• Exercise:
Identical copies of all the records below are needed.

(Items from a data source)
§

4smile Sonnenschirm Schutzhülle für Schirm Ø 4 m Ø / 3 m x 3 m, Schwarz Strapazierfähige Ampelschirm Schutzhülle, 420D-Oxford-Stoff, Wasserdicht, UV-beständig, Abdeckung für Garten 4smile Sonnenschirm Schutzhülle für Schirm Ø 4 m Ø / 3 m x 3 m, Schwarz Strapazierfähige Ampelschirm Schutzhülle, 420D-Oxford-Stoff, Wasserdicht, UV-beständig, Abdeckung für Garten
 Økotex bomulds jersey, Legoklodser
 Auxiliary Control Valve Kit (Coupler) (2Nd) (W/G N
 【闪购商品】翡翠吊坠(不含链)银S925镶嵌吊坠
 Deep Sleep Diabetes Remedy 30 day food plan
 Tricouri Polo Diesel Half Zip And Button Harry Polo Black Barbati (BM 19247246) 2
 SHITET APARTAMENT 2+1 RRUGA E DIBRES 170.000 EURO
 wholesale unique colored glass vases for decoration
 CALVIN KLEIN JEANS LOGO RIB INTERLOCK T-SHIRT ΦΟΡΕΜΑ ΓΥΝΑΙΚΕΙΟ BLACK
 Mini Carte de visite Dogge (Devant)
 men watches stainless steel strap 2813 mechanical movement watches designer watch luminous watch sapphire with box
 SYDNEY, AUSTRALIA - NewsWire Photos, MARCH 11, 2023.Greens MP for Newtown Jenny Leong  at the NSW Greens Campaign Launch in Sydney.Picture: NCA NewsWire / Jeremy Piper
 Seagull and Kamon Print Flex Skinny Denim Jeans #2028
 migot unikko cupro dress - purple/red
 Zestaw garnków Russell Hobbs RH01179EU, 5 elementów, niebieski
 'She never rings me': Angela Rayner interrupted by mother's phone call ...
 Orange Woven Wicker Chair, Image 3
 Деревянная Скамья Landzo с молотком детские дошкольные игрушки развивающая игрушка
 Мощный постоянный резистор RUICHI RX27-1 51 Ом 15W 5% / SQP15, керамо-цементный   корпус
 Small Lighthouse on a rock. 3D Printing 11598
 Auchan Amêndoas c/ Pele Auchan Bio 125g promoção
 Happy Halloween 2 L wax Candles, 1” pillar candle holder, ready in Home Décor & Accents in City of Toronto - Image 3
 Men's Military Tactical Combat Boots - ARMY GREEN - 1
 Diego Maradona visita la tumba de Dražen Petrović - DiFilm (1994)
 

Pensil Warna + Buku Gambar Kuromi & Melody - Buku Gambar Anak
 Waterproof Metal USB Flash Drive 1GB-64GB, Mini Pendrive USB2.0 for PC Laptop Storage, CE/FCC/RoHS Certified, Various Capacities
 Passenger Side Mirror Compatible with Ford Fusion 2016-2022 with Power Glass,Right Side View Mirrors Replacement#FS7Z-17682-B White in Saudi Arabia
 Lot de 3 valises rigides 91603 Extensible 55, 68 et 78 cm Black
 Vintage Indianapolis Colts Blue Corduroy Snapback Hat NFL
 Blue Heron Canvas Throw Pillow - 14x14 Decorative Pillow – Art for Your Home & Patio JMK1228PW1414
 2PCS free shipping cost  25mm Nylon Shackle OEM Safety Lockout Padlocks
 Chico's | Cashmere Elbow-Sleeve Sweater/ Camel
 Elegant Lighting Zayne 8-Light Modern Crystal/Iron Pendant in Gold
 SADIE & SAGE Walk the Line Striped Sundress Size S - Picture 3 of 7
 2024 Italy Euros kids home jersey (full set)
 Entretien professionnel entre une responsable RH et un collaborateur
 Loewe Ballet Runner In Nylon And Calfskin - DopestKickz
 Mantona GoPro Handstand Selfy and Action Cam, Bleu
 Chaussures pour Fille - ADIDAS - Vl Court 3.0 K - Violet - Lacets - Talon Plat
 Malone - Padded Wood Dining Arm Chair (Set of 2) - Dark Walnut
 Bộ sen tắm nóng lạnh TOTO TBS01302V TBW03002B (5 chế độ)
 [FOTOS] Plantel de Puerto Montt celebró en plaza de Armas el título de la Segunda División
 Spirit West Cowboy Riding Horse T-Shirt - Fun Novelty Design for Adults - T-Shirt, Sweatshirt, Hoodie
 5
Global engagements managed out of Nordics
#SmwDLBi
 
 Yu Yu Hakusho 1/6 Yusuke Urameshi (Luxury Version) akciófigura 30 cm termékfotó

§

• Exercise response:
4smile Sonnenschirm Schutzhülle für Schirm Ø 4 m Ø / 3 m x 3 m, Schwarz Strapazierfähige Ampelschirm Schutzhülle, 420D-Oxford-Stoff, Wasserdicht, UV-beständig, Abdeckung für Garten 4smile Sonnenschirm Schutzhülle für Schirm Ø 4 m Ø / 3 m x 3 m, Schwarz Strapazierfähige Ampelschirm Schutzhülle, 420D-Oxford-Stoff, Wasserdicht, UV-beständig, Abdeckung für Garten
 Økotex bomulds jersey, Legoklodser
 Auxiliary Control Valve Kit (Coupler) (2Nd) (W/G N
 【闪购商品】翡翠吊坠(不含链)银S925镶嵌吊坠
 Deep Sleep Diabetes Remedy 30 day food plan
 Tricouri Polo Diesel Half Zip And Button Harry Polo Black Barbati (BM 19247246) 2
 SHITET APARTAMENT 2+1 RRUGA E DIBRES 170.000 EURO
 wholesale unique colored glass vases for decoration
 CALVIN KLEIN JEANS LOGO RIB INTERLOCK T-SHIRT ΦΟΡΕΜΑ ΓΥΝΑΙΚΕΙΟ BLACK
 Mini Carte de visite Dogge (Devant)
 men watches stainless steel strap 2813 mechanical movement watches designer watch luminous watch sapphire with box
 SYDNEY, AUSTRALIA - NewsWire Photos, MARCH 11, 2023.Greens MP for Newtown Jenny Leong  at the NSW Greens Campaign Launch in Sydney.Picture: NCA NewsWire / Jeremy Piper
 Seagull and Kamon Print Flex Skinny Denim Jeans #2028
 migot unikko cupro dress - purple/red
 Zestaw garnków Russell Hobbs RH01179EU, 5 elementów, niebieski
 'She never rings me': Angela Rayner interrupted by mother's phone call ...
 Orange Woven Wicker Chair, Image 3
 Деревянная Скамья Landzo с молотком детские дошкольные игрушки развивающая игрушка
 Мощный постоянный резистор RUICHI RX27-1 51 Ом 15W 5% / SQP15, керамо-цементный   корпус
 Small Lighthouse on a rock. 3D Printing 11598
 Auchan Amêndoas c/ Pele Auchan Bio 125g promoção
 Happy Halloween 2 L wax Candles, 1” pillar candle holder, ready in Home Décor & Accents in City of Toronto - Image 3
 Men's Military Tactical Combat Boots - ARMY GREEN - 1
 Diego Maradona visita la tumba de Dražen Petrović - DiFilm (1994)
 

Pensil Warna + Buku Gambar Kuromi & Melody - Buku Gambar Anak
 Waterproof Metal USB Flash Drive 1GB-64GB, Mini Pendrive USB2.0 for PC Laptop Storage, CE/FCC/RoHS Certified, Various Capacities
 Passenger Side Mirror Compatible with Ford Fusion 2016-2022 with Power Glass,Right Side View Mirrors Replacement#FS7Z-17682-B White in Saudi Arabia
 Lot de 3 valises rigides 91603 Extensible 55, 68 et 78 cm Black
 Vintage Indianapolis Colts Blue Corduroy Snapback Hat NFL
 Blue Heron Canvas Throw Pillow - 14x14 Decorative Pillow – Art for Your Home & Patio JMK1228PW1414
 2PCS free shipping cost  25mm Nylon Shackle OEM Safety Lockout Padlocks
 Chico's | Cashmere Elbow-Sleeve Sweater/ Camel
 Elegant Lighting Zayne 8-Light Modern Crystal/Iron Pendant in Gold
 SADIE & SAGE Walk the Line Striped Sundress Size S - Picture 3 of 7
 2024 Italy Euros kids home jersey (full set)
 Entretien professionnel entre une responsable RH et un collaborateur
 Loewe Ballet Runner In Nylon And Calfskin - DopestKickz
 Mantona GoPro Handstand Selfy and Action Cam, Bleu
 Chaussures pour Fille - ADIDAS - Vl Court 3.0 K - Violet - Lacets - Talon Plat
 Malone - Padded Wood Dining Arm Chair (Set of 2) - Dark Walnut
 Bộ sen tắm nóng lạnh TOTO TBS01302V TBW03002B (5 chế độ)
 [FOTOS] Plantel de Puerto Montt celebró en plaza de Armas el título de la Segunda División
 Spirit West Cowboy Riding Horse T-Shirt - Fun Novelty Design for Adults - T-Shirt, Sweatshirt, Hoodie
 5
Global engagements managed out of Nordics
#SmwDLBi
 
 Yu Yu Hakusho 1/6 Yusuke Urameshi (Luxury Version) akciófigura 30 cm termékfotó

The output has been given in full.